+++ Information provided +++

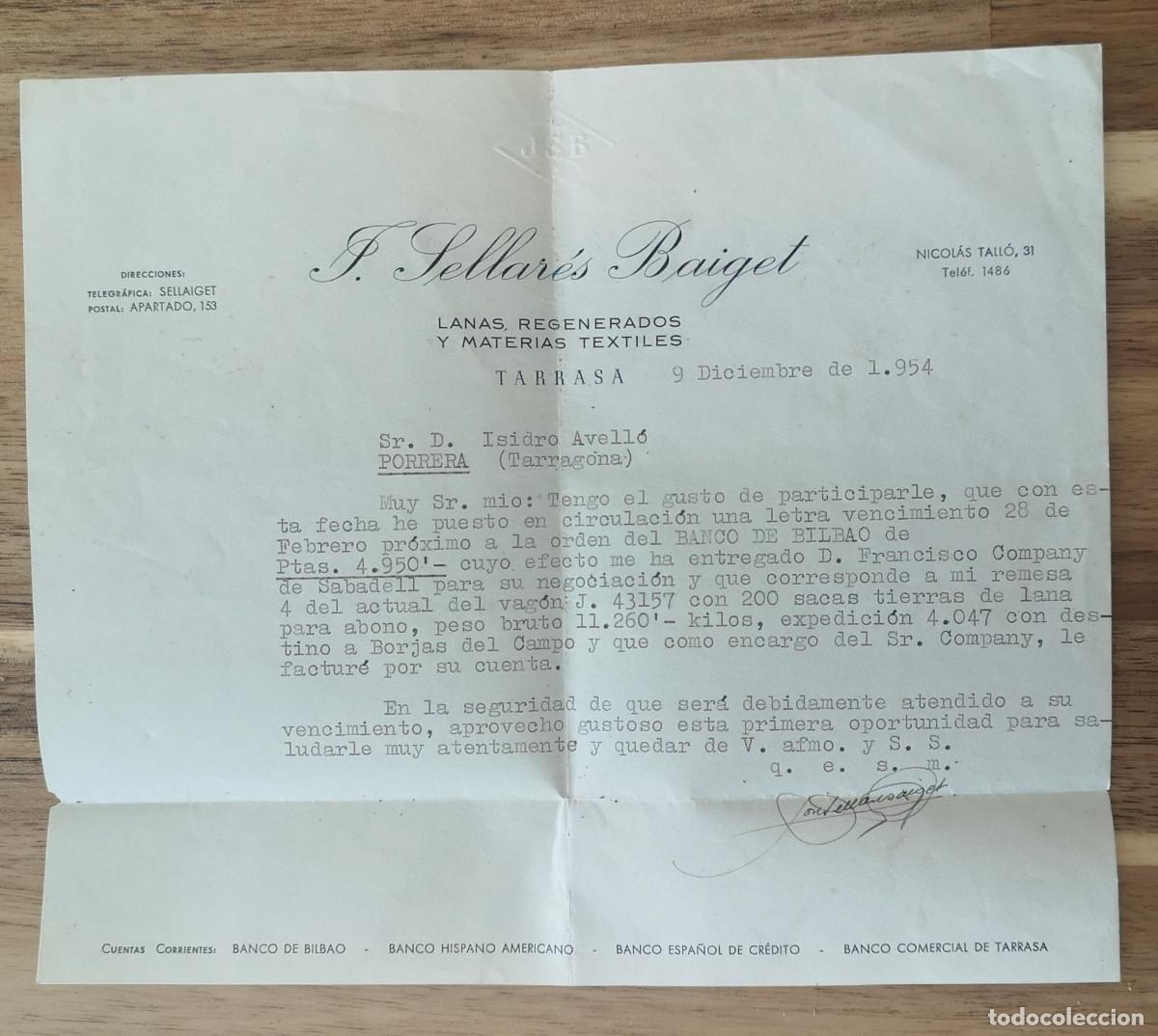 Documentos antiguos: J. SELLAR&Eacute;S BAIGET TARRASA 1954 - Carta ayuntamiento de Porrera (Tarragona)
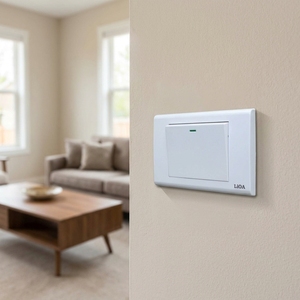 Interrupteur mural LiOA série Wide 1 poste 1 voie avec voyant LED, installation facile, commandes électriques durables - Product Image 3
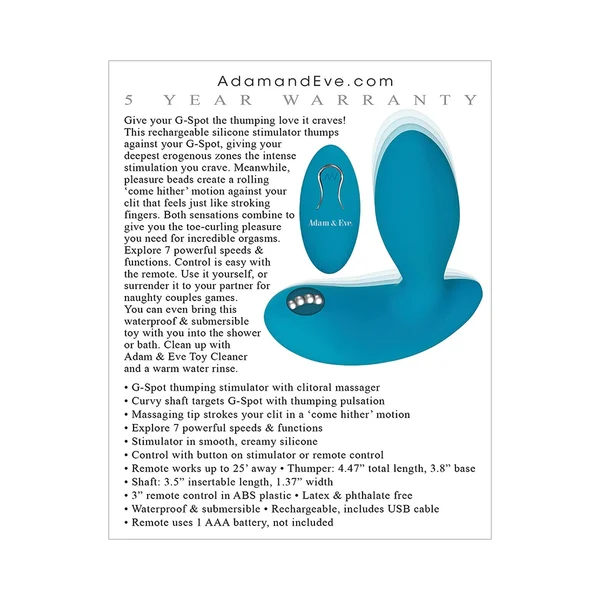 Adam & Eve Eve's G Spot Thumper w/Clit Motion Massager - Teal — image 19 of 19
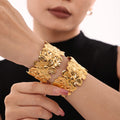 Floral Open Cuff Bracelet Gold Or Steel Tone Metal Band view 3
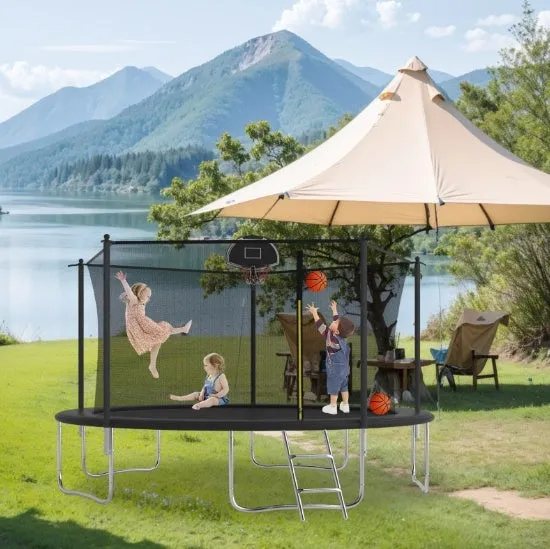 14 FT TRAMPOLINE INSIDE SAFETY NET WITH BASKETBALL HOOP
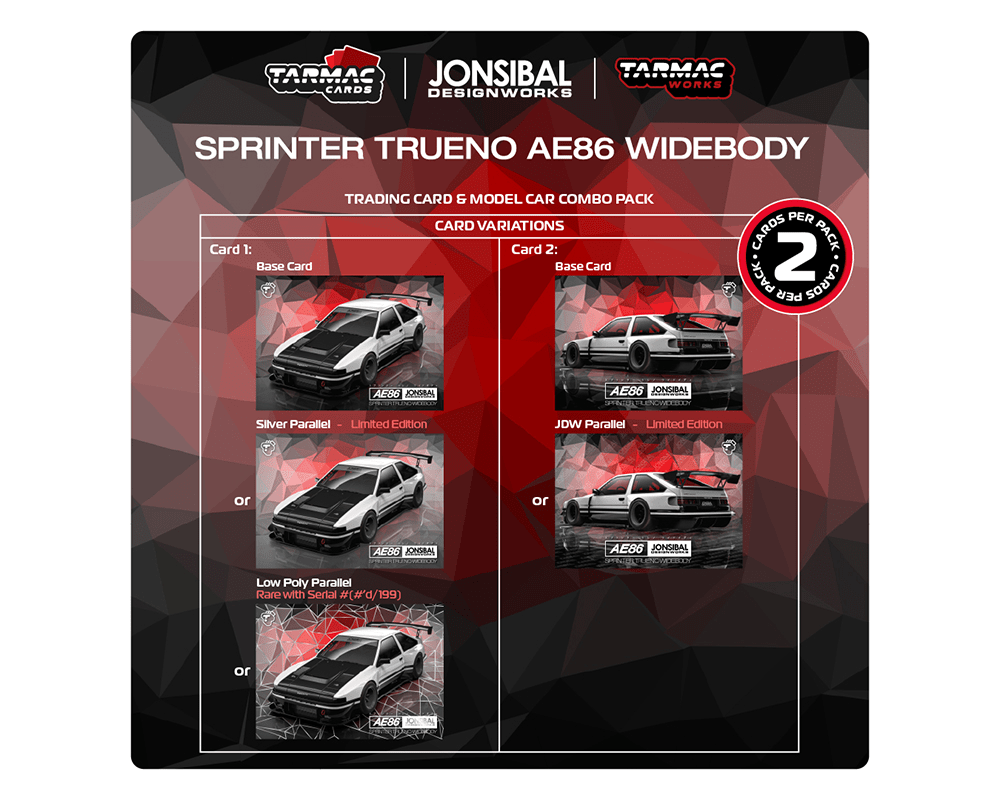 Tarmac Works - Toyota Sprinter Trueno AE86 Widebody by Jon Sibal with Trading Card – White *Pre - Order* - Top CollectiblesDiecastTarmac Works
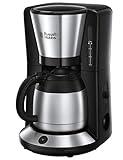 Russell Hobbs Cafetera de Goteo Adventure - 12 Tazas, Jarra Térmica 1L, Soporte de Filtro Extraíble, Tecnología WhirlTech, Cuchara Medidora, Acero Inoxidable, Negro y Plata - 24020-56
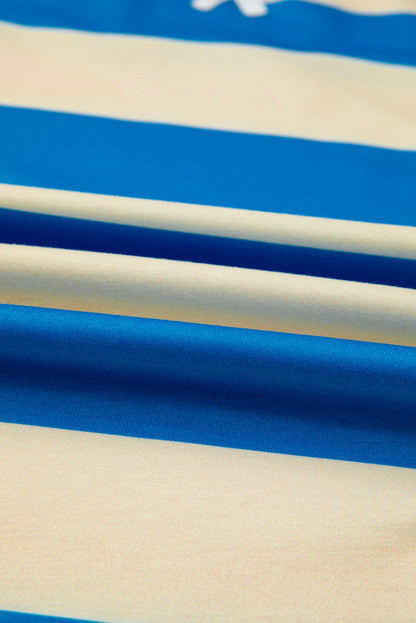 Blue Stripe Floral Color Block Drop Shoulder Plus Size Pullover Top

+++

**Prompt**
Please print every record above exactly, but leave the pictures out.

**Exercise answer**
 Documentos antiguos: J. SELLAR&Eacute;S BAIGET TARRASA 1954 - Carta ayuntamiento de Porrera (Tarragona)
 Interrupteur mural LiOA série Wide 1 poste 1 voie avec voyant LED, installation facile, commandes électriques durables - Product Image 3
 Adam & Eve Eve's G Spot Thumper w/Clit Motion Massager - Teal — image 19 of 19
 Floral Open Cuff Bracelet Gold Or Steel Tone Metal Band view 3
 14 FT TRAMPOLINE INSIDE SAFETY NET WITH BASKETBALL HOOP
 Tarmac Works - Toyota Sprinter Trueno AE86 Widebody by Jon Sibal with Trading Card – White *Pre - Order* - Top CollectiblesDiecastTarmac Works
 Russell Hobbs Cafetera de Goteo Adventure - 12 Tazas, Jarra Térmica 1L, Soporte de Filtro Extraíble, Tecnología WhirlTech, Cuchara Medidora, Acero Inoxidable, Negro y Plata - 24020-56
 Blue Stripe Floral Color Block Drop Shoulder Plus Size Pullover Top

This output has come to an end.